* _What you should do_: Using the material that follows, output exactly the lines from the one containing "Freedom Performance Exhaust" through the one containing "10 Sheets Half", with both ends kept.

* _Available records_:
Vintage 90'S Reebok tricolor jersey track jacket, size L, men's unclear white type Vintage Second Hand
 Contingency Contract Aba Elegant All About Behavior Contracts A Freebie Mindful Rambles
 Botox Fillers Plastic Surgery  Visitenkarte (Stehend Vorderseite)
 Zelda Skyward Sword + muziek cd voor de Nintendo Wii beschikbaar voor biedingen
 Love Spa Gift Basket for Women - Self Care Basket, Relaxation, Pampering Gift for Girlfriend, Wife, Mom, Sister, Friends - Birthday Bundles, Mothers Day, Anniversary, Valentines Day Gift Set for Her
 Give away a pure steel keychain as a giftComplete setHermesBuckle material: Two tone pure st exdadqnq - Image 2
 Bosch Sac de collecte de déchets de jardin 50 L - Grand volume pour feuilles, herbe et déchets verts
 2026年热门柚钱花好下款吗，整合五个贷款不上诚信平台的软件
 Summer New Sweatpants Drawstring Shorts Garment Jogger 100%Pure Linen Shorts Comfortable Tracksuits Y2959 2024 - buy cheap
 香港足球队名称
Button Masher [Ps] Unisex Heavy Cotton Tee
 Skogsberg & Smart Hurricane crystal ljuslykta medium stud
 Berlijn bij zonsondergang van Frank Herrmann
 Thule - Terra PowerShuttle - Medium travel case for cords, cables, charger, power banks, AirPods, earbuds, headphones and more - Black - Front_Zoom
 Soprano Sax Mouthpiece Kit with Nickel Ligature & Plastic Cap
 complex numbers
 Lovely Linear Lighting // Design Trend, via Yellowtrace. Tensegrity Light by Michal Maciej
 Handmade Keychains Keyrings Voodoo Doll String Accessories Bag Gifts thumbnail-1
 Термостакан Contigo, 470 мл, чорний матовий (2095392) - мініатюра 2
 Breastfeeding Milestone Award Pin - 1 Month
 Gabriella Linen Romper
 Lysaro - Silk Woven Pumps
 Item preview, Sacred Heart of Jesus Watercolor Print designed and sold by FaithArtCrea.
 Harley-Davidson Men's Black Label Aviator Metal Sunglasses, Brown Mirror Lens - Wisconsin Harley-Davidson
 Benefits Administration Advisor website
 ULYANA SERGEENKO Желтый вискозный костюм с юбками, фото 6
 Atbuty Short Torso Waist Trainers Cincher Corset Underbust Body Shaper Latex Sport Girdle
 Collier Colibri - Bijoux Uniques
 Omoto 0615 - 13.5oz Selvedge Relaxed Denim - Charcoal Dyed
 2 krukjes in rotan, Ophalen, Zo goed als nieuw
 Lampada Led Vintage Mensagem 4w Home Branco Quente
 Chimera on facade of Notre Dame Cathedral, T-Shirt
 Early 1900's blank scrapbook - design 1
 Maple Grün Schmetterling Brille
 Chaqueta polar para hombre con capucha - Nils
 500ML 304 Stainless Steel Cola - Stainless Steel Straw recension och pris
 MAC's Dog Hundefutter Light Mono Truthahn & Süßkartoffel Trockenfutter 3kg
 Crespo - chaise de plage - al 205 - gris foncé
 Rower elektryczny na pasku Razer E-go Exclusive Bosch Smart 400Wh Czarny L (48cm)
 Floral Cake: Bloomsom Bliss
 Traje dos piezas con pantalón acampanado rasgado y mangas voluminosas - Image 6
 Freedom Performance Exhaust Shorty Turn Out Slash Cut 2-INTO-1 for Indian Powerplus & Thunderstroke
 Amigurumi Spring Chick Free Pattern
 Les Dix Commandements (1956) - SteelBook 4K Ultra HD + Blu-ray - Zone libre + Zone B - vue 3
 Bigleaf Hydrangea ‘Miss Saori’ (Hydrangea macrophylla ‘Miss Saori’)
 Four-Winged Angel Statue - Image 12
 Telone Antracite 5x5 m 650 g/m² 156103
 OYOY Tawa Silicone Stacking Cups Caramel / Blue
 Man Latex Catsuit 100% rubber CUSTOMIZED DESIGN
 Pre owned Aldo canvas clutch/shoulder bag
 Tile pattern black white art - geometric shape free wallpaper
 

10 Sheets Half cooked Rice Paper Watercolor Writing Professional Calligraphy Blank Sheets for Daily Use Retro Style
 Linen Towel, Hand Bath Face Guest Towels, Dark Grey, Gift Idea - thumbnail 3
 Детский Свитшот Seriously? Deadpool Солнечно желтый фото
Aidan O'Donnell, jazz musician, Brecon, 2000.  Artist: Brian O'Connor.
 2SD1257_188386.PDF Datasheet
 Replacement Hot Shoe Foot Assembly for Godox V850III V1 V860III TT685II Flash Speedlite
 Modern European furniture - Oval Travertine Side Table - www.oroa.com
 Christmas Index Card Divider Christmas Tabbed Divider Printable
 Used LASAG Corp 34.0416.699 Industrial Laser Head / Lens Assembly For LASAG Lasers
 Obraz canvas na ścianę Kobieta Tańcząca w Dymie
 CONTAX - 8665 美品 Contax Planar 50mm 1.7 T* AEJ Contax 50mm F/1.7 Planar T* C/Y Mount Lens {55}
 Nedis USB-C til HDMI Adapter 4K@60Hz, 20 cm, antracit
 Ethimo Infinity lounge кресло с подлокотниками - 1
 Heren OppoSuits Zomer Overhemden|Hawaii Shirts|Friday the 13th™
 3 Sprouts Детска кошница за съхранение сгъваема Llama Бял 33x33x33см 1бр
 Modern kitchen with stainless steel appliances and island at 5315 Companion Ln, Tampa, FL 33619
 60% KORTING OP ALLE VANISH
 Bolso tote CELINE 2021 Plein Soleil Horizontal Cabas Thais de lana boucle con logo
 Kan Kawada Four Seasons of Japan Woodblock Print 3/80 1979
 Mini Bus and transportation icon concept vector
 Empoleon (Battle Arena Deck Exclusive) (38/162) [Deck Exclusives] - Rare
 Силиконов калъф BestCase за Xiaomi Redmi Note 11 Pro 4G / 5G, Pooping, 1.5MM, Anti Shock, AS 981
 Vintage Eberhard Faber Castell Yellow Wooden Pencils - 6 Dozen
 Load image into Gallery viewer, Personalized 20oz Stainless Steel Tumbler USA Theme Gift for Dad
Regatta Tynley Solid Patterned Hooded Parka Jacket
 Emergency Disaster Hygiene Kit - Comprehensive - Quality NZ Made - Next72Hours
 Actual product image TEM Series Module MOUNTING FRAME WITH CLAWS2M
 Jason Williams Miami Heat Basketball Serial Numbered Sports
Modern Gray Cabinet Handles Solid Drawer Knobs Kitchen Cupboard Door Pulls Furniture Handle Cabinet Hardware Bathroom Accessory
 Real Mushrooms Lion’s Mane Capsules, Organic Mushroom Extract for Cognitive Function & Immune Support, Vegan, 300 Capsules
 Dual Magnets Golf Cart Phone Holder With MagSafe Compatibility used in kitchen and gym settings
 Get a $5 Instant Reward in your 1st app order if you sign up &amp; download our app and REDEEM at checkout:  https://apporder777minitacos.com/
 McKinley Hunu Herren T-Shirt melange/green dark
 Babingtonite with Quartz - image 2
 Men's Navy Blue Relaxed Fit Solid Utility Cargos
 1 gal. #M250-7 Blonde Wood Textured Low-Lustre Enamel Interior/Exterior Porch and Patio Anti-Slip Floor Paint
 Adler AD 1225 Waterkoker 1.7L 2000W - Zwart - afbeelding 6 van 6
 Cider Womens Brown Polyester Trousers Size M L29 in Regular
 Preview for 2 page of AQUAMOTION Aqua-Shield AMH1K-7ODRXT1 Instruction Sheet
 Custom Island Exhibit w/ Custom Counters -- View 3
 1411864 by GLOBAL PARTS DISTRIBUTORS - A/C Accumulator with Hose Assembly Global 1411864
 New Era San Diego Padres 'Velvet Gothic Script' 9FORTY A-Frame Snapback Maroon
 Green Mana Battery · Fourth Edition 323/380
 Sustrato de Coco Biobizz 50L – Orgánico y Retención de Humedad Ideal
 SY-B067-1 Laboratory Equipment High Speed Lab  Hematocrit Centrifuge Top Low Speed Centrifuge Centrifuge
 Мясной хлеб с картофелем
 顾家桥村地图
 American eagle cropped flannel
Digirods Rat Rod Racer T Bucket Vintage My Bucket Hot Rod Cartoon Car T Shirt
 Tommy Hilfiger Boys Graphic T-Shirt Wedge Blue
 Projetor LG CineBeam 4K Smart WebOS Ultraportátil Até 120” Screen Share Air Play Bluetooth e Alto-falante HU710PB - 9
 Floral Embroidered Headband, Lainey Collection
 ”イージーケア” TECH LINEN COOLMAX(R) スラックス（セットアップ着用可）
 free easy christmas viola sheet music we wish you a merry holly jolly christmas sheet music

* _Response area_:
 Freedom Performance Exhaust Shorty Turn Out Slash Cut 2-INTO-1 for Indian Powerplus & Thunderstroke
 Amigurumi Spring Chick Free Pattern
 Les Dix Commandements (1956) - SteelBook 4K Ultra HD + Blu-ray - Zone libre + Zone B - vue 3
 Bigleaf Hydrangea ‘Miss Saori’ (Hydrangea macrophylla ‘Miss Saori’)
 Four-Winged Angel Statue - Image 12
 Telone Antracite 5x5 m 650 g/m² 156103
 OYOY Tawa Silicone Stacking Cups Caramel / Blue
 Man Latex Catsuit 100% rubber CUSTOMIZED DESIGN
 Pre owned Aldo canvas clutch/shoulder bag
 Tile pattern black white art - geometric shape free wallpaper
 

10 Sheets Half cooked Rice Paper Watercolor Writing Professional Calligraphy Blank Sheets for Daily Use Retro Style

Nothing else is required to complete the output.